You expect me to eat that?

Sturgeon eggs have risen from peasant slop to aristocratic treat – to threatened extinction

When French King Louis XV first tasted caviar, he found the flavor so revolting he spat his mouthful onto the rug of the Versailles palace. Despite similar reception across 18th-century Europe, caviar savored of Russian opulence, and it soon became a coveted symbol of status throughout the region, and later in America.

In her new book, "Caviar," Inga Saffron explores the colorful history surrounding this unlikely delicacy of salted sturgeon roe. Saffron charts the sturgeon's course from river-bulging abundance to near extinction, along with the mystique and legend that enabled Russian, German, and French barons to cash in on its black gold.

Caviar first gained popularity in medieval Russia, where Orthodox Christians were required to avoid meat for as many as 200 days a year. Russians became avid eaters of fish, and caviar became a sort of national dish among poor and rich alike.

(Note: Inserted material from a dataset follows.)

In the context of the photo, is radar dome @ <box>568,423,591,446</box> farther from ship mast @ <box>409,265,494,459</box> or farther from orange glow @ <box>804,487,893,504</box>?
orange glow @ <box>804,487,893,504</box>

With their pointy, armor-like plates, the massive sturgeon were harder to net than most fish, and thus caviar was always a precious commodity. While connoisseurs have savored the succulent eggs for millenniums, the Industrial Revolution brought a turning point. Technological advances made it possible to catch the fish and transport its freshly salted roe over long distances. And more important, a new middle class grew hungry for symbols of its newfound wealth. Caviar fit the bill. The biggest market is now composed of Americans, whose '90s wealth generated record demand for luxuries.

There is a certain irony to the story of the sturgeon. This lumbering beast has existed unchanged for 250 million years, surviving where dinosaurs did not. And yet, in the space of two centuries, it has come snout to snout with near-extinction. Despite its Dar- winian success, the sturgeon may not easily face down the mass market.

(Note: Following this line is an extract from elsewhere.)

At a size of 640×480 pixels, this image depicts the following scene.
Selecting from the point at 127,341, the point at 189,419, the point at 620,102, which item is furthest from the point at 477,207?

Sturgeon are saltwater fish that swim up freshwater rivers to spawn. There are 27 species, which can be found along the coasts of the Caspian, Black, Adriatic, and Mediterranean seas, and in the Atlantic and Pacific. Fishing has exhausted most populations, and the last remaining few can be found along the Volga in Russia.

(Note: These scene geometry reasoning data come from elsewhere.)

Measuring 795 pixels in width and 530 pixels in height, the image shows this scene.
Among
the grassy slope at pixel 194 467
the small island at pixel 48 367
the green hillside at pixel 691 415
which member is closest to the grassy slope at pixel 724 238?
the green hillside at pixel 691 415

"Caviar" traces how an ex-patriot Russian scientist and his American counterpart put sturgeon on the international list of endangered species – and the drama that got the Russian scientist kicked out of the scientific community.

Saffron also explores the slimy underbelly of the caviar black market. With the collapse of the Soviet Union and its tight controls, it's been open season along the banks of the Volga, where cash-desperate poachers harvest many times the legal catch each year. Their work feeds a strong black-market trade, and odds are good that off-the-shelf caviar was made in one of their illicit fishing shacks.

Within a year of international quotas being enacted in 1998, the black market rendered caviar as valuable as cocaine. That year, two smuggling rings brought to the US about 10 tons of caviar – more than Russia's entire legal quota. Several crime rings have since been broken, but the illicit trade remains lucrative.

There may yet be hope for this prehistoric fish, however. Iran's Caspian sturgeon industry is the only one to replace the captured sturgeon with an equal number of juveniles, setting a model for other nations. And two sturgeon farms in France and the US are betting that the future market will be for "sustainable," farm-raised caviar.

While "Caviar" sometimes plods through statistical sediment, Saffron's careful research is a fitting tribute to this dwindling species. A former Moscow correspondent for the Philadelphia Inquirer, Saffron writes with color and flair. It's almost enough to make caviar sound tasty.

• Julie Finnin-Day is a freelance writer currently traveling in Vietnam.